Mental health issues are costing the UK about £70bn a year, or roughly 4.5% of GDP, in lost productivity at work, benefit payments and health care expenditure, the OECD’s report Mental Health and Work: The United Kingdom found.

The report said acting early is the best way to prevent poor mental health leading to benefit dependency, both when people are still at work and early on during the sick-leave period.

Retaining a job is easier than finding a new one. Up to 370,000 Britons move onto disability benefit every year (1% of the working-age population), the highest rate in the developed world and twice the OECD average.

The leading cause for such benefit claims is mental illness, now accounting for around 40% of all new claims, the report added.

“Some of the recent UK welfare reforms designed to tackle stubbornly high disability benefit caseloads go in the right direction,” the report states. “However, if welfare cuts are to be made, they need to be matched by increased efforts to address the barriers to finding and remaining in work.”
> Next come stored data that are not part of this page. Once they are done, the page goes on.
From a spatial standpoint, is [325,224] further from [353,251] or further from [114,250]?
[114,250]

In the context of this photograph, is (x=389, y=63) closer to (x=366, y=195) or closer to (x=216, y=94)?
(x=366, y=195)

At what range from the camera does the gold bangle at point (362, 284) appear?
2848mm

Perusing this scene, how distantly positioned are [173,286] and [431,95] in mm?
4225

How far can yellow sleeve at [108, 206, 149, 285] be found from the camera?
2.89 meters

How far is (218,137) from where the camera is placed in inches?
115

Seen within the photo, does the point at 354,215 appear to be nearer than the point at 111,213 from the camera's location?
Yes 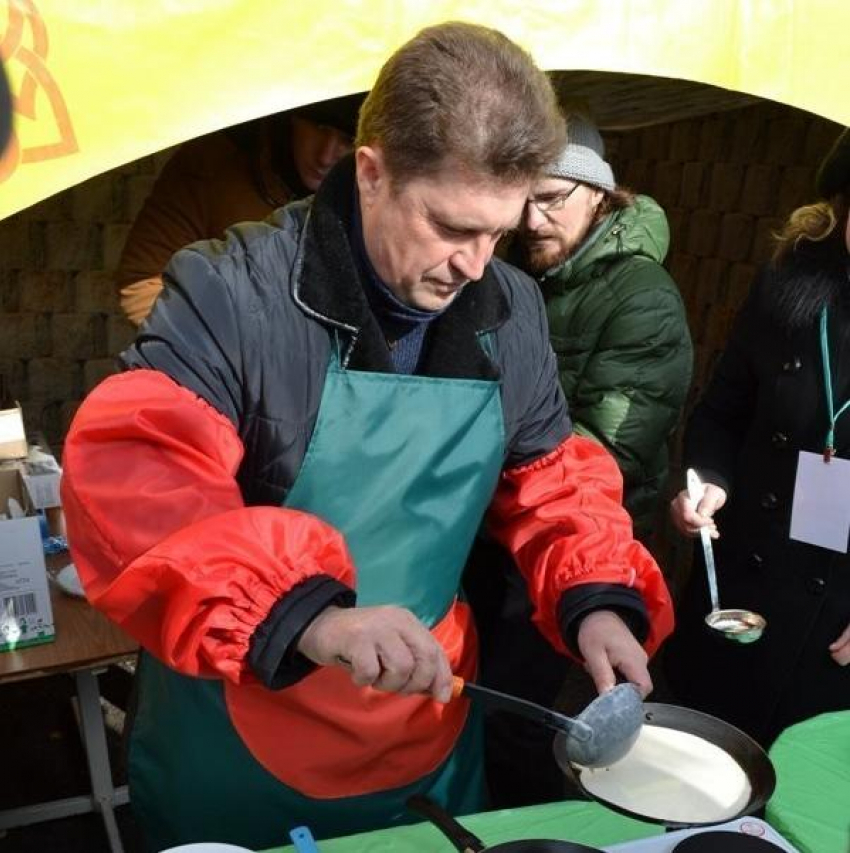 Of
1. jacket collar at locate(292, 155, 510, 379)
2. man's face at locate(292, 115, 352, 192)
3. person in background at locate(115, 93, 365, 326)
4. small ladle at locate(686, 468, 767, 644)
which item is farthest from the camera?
person in background at locate(115, 93, 365, 326)

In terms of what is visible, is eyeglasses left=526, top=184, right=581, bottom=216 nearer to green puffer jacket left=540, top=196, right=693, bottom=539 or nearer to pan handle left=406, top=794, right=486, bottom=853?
green puffer jacket left=540, top=196, right=693, bottom=539

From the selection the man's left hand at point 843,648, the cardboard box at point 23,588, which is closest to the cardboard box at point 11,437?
the cardboard box at point 23,588

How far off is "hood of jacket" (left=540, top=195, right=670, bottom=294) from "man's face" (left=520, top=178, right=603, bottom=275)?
25 millimetres

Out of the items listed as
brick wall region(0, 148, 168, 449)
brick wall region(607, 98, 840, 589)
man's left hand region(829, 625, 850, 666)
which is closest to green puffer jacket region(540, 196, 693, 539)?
man's left hand region(829, 625, 850, 666)

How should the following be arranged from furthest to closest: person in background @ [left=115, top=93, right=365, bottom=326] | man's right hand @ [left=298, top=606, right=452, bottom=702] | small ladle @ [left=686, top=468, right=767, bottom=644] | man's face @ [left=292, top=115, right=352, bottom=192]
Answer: person in background @ [left=115, top=93, right=365, bottom=326] → man's face @ [left=292, top=115, right=352, bottom=192] → small ladle @ [left=686, top=468, right=767, bottom=644] → man's right hand @ [left=298, top=606, right=452, bottom=702]

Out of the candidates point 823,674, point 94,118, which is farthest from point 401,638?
point 823,674

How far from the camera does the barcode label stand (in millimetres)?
2164

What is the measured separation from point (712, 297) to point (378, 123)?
345cm

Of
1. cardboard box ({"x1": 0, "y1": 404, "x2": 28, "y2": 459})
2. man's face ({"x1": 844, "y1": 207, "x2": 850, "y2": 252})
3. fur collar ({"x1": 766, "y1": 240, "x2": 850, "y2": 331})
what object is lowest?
cardboard box ({"x1": 0, "y1": 404, "x2": 28, "y2": 459})

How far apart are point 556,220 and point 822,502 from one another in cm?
89

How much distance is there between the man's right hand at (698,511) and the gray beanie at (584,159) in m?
0.79

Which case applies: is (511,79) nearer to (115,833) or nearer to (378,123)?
(378,123)

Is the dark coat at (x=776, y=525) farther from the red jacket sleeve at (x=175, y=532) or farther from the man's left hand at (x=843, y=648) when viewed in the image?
the red jacket sleeve at (x=175, y=532)

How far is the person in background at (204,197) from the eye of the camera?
2799 mm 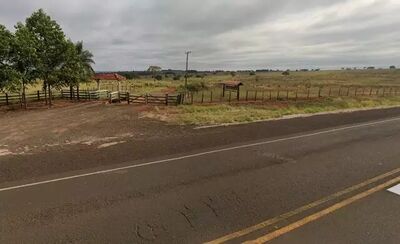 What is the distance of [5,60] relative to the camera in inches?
862

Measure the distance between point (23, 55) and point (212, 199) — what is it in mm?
21643

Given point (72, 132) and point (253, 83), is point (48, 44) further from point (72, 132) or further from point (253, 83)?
point (253, 83)

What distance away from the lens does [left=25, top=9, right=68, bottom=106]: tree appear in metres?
25.3

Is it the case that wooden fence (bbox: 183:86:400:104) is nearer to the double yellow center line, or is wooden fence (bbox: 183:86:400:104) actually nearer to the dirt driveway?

The majority of benefit claimants with mental health problems need a combination of health and employment interventions to improve their chances of finding a suitable job.  

The research comes as the government prepares to launch the Health and Work Service, which aims to help employees who have been on sickness absence for four weeks to return to work and support employers to better manage sickness absence among their workforce.

The service will be funded by scrapping the Statutory Sick Pay (SSP) Percentage Threshold Scheme (PTS),which currently enables employers to recover some SSP paid to employees if the total exceeds a set percentage of class 1 NICs for that month.